◆ **Work instruction**
When you copy the data that follows, reproduce every word exactly and leave out the images.

*** Data excerpt

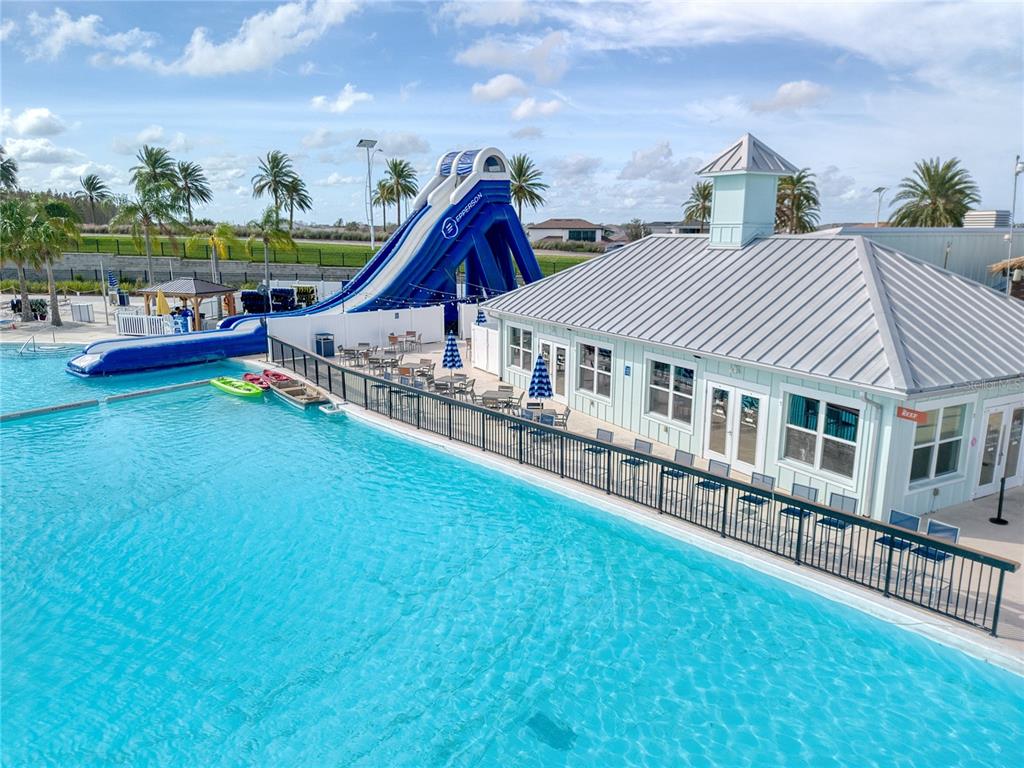 8309 Hardy Bay Loop Wesley Chapel, FL 33545 - Photo 24 of 24 a view of a house with pool and chairs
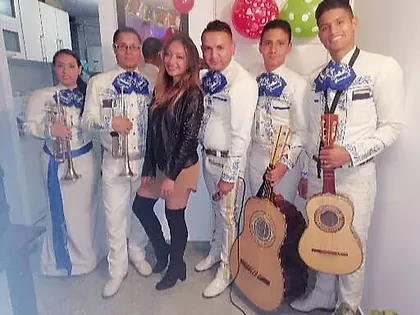 Grupo de mariachis en Bogotá junto a una clienta tras la serenata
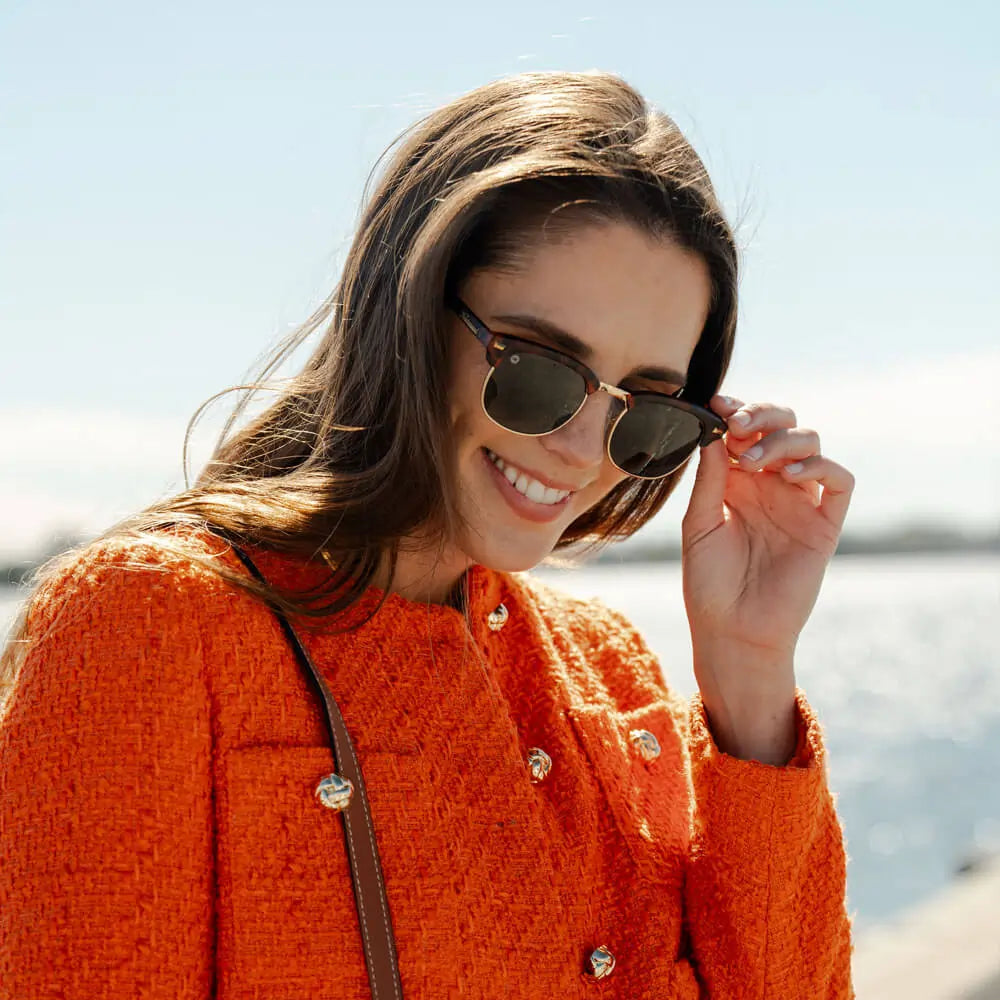 Woman wearing Matte Tortoise Shell & Gold Brooklines Sunglasses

******

◆ **Result**
 8309 Hardy Bay Loop Wesley Chapel, FL 33545 - Photo 24 of 24 a view of a house with pool and chairs
 Grupo de mariachis en Bogotá junto a una clienta tras la serenata
 Woman wearing Matte Tortoise Shell & Gold Brooklines Sunglasses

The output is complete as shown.